[What you have to do]: Starting at the line that contains "old fisherman on", transcribe each line through the end of the material below, exactly and nothing else, leaving out the pictures.

[Exercise data]:
== Segment start ==

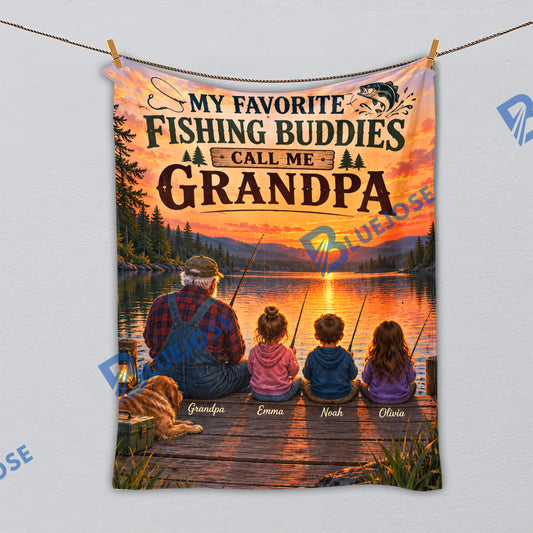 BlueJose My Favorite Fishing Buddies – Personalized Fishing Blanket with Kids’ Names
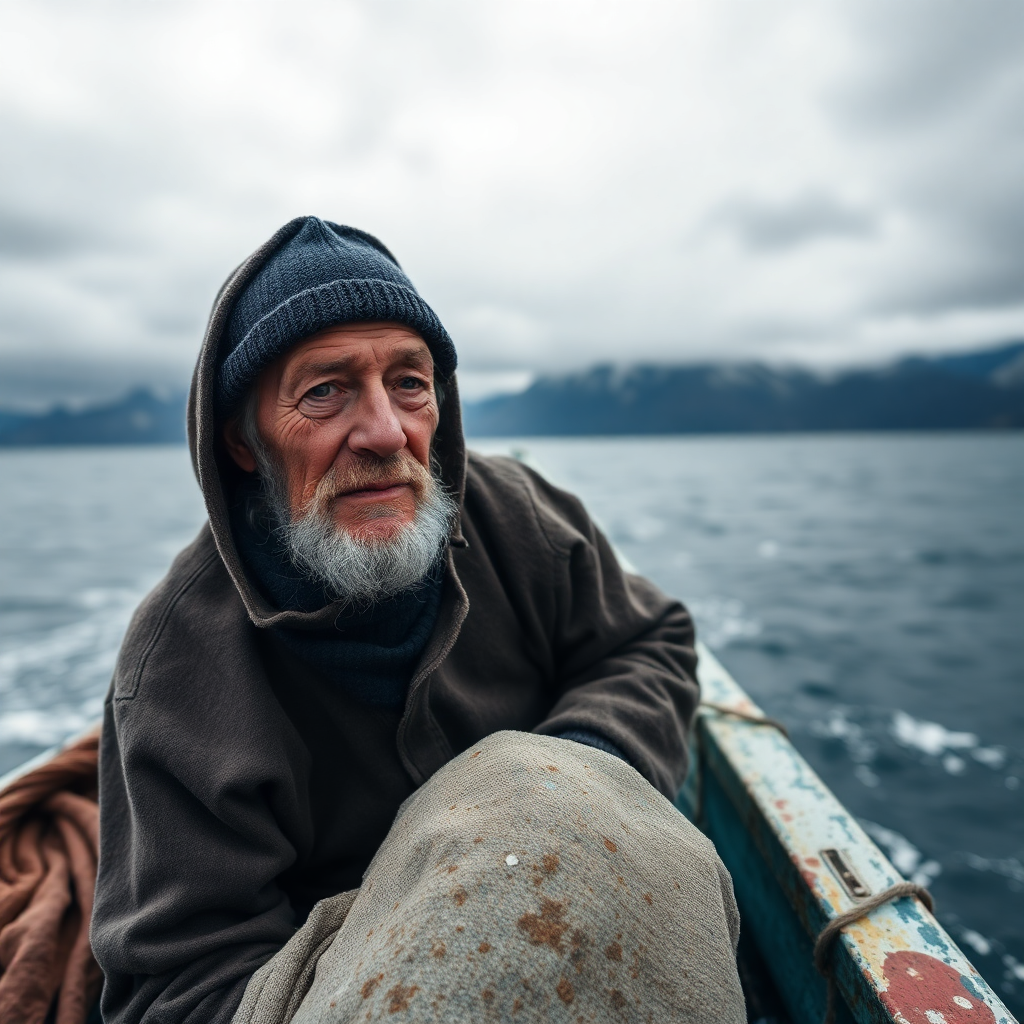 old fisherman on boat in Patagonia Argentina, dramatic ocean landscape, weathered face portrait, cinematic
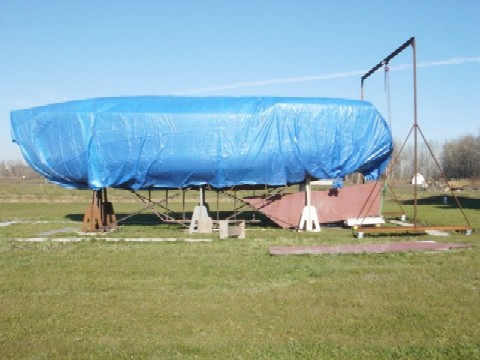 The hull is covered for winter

== Segment end ==

[Worked solution]:
 old fisherman on boat in Patagonia Argentina, dramatic ocean landscape, weathered face portrait, cinematic
 The hull is covered for winter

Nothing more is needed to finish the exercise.